Q. In many health-tech startups I have noticed that a lot of the deep learning models are not made from scratch but either directly used or modified through means like transfer learning ( that makes sense as well as it makes no sense to reinvent the wheel ). I was hoping for your insight on whether there will be shifts in this paradigm or more focus be put in academic or other institutions that do so, given the need for AI in this field is now more demanding than ever.
Selecting between transfer learning and training from scratch is sometimes a consideration of how much labeled data is available for training.
If labeled data is limited utilizing pre-trained weights can help boost model performance by borrowing information from other datasets where that information is then encoded in the earlier layers of the network. So, in general when making the determination to train from scratch or apply transfer learning, it will depend on the exact type of data, how much is available and how long you have to train your network.
Jonathan Rubin, Philips Research North America
Day 2 saw a lively morning with Claus Danielson, Principal Research Scientist, Mitsubishi Electric Research Laboratories (MERL) presenting the invariant-set motion-planner, developed at MERL, and its application to autonomous driving.
Q. Which “disturbance models” are in use to safeguard the invariant models eg. how do you provide for things like flat tires, street conditions, other things that can break and influence the car dynamic statespace behaviour ?
There are two types of disturbances we consider: Parametric model uncertainty and additive disturbances. Both of which are set-based, so that we do not need the actual values of the parameters/disturbances but rather a range of possible parameters.
Claus Danielson, MERL
The morning progressed with Matthew Mattina, Distinguished Engineer & Senior Director of Arm’s Machine Learning Research Lab, ARM talking us through ML on the Edge, specifically the hardware and models for machine learning on constrained platforms.
Q. You went over how to transform a model from training to inference to fit within hardware constraints, for CNN based models. What kind of techniques have been used for RNN and Transformer based models?
A key difference between CNN models and RNN and Transformer models is that RNN/Transformers usually have lots of fully connected/dense layers. So channel pruning--which is used to remove entire channels/output feature maps in CNNs--doesn’t really apply to RNN/Transformers.

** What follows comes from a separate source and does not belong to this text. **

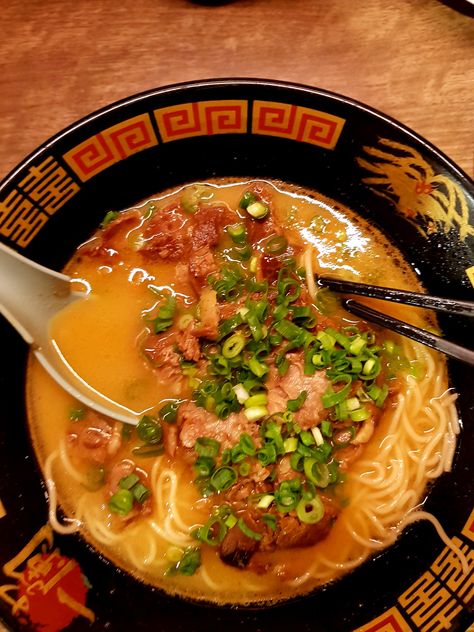 Pork Ramen Recipe, Ichiran Ramen, Stewed Pork, Yummy Noodles, Chicken Teriyaki Recipe, Man Food, Smoked Pork, Food Images, Japan Food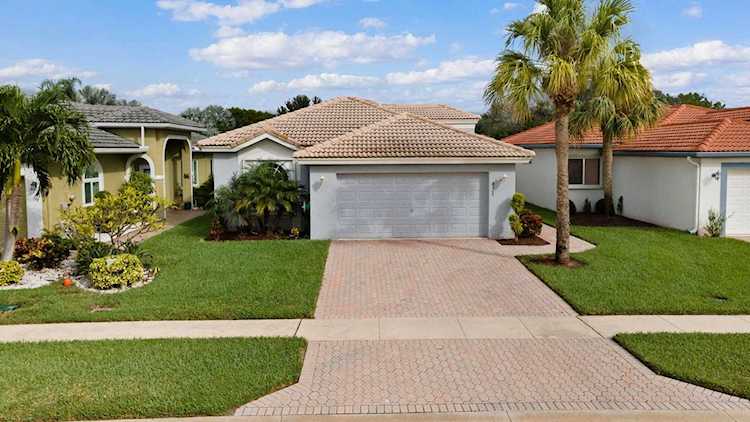8233 Brindisi Lane Boynton Beach, FL 33472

For RNN/Transformers, I see magnitude based pruning being quite useful. In fact, we often see >90% of weights can actually be pruned (set to 0) in fully connected layers with almost 0 accuracy loss. There are also a range of matrix decomposition techniques that can be applied to RNN/xformers… things like singular value decomposition.
Matthew Mattina, ARM
Saber Moradi, Hardware Architect ML/AI, Grai Matter Labs talk on Energy-efficient Deep Neural Network Acceleration presented methods on how sparse changes of real-world signals such as audio and video streams could be utilized to design more efficient compute architecture for deep neural network accelerators.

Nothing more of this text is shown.